**Task to complete**
Drop every picture and give the entries back exactly.
------ Information provided
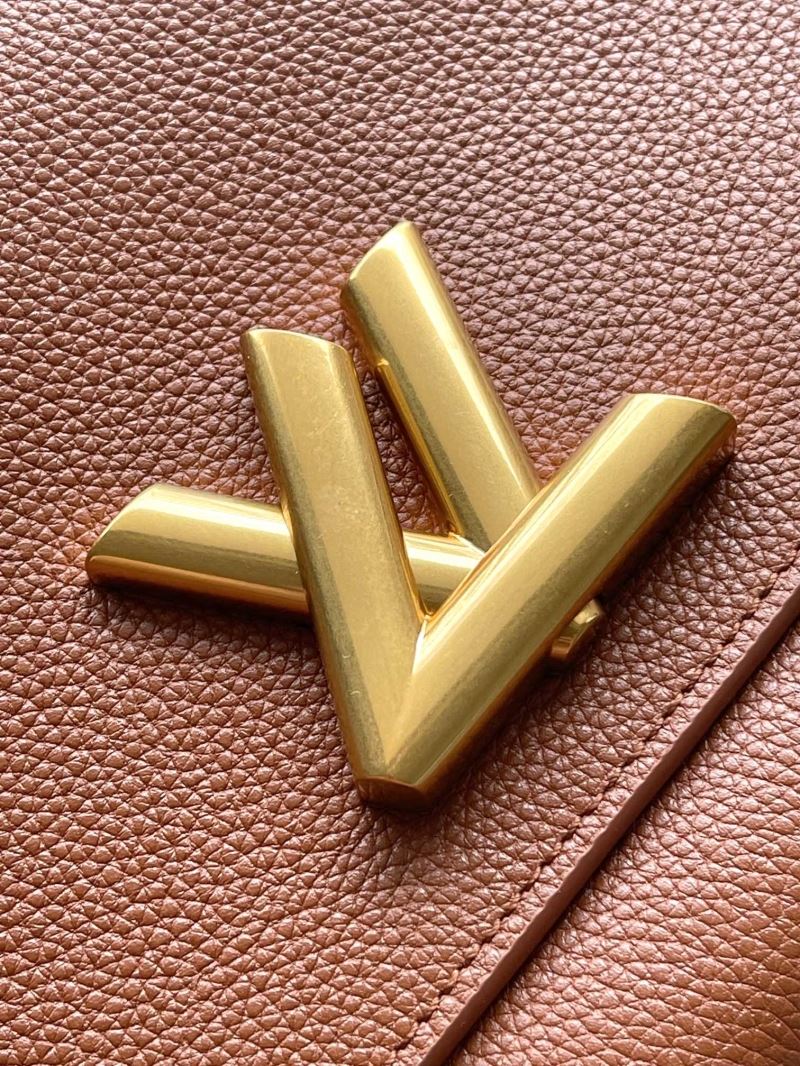 Louis Vuitton Satchel Bags
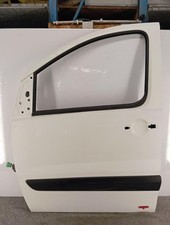 Porte avant gauche FIAT SCUDO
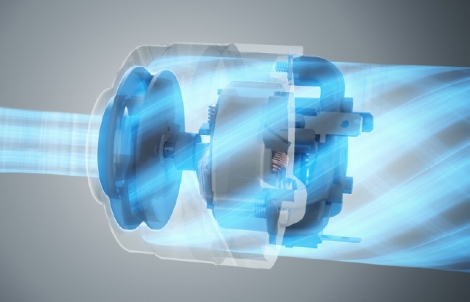 �uHi-Power DC ���[�^�[�v����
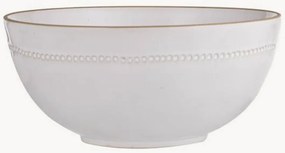 Serveerschaal Cameo Ivory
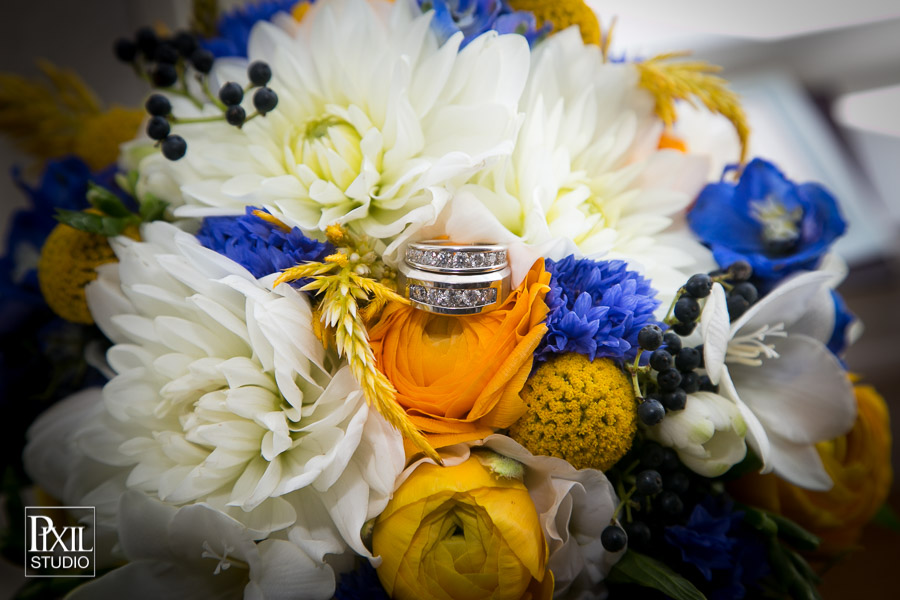 pixil studio photography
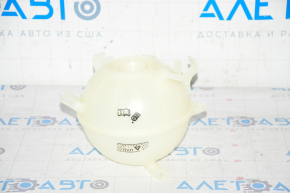 Coolant expansion tank VW Jetta 11-18 USA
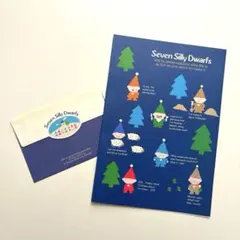 セブンシリードワーフ マスコット セット【希少】 2025年最新】セブンシリードワーフ（Sevenの人気アイテム - メルカリ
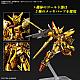 Gundam SEED RG 1/144 ORB-01 Akatsuki Gundam (Oowashi Pack) gallery thumbnail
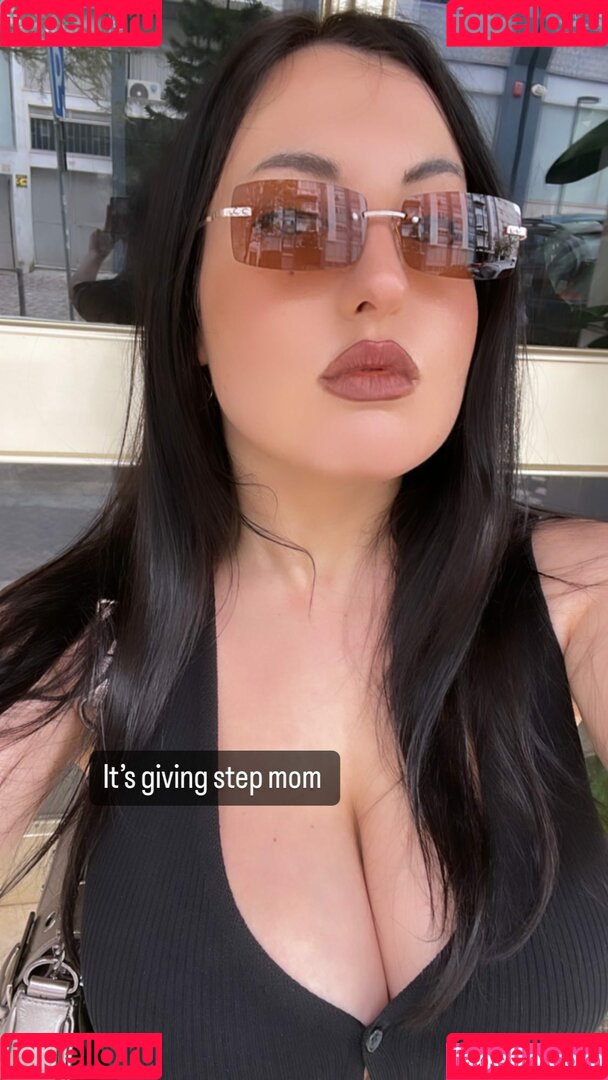 gtnlmts Onlyfans Photo Gallery 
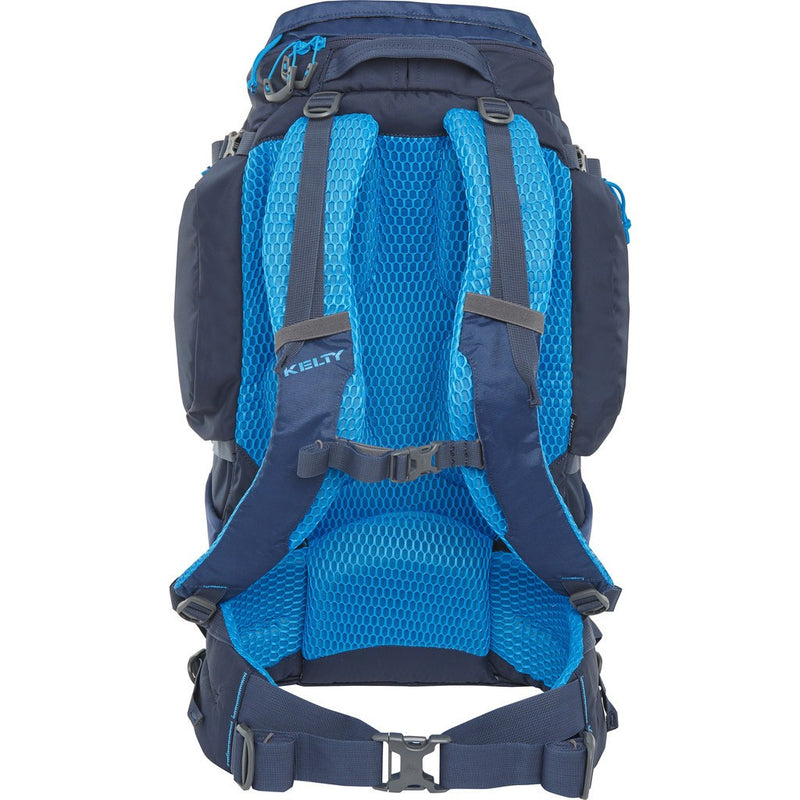 Kelty Redwing 44L Backpack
------------
**Answer to this task**
 Louis Vuitton Satchel Bags
 Porte avant gauche FIAT SCUDO
 �uHi-Power DC ���[�^�[�v����
 Serveerschaal Cameo Ivory
 pixil studio photography
 Coolant expansion tank VW Jetta 11-18 USA
 セブンシリードワーフ マスコット セット【希少】 2025年最新】セブンシリードワーフ（Sevenの人気アイテム - メルカリ
 Gundam SEED RG 1/144 ORB-01 Akatsuki Gundam (Oowashi Pack) gallery thumbnail
 gtnlmts Onlyfans Photo Gallery 
 Kelty Redwing 44L Backpack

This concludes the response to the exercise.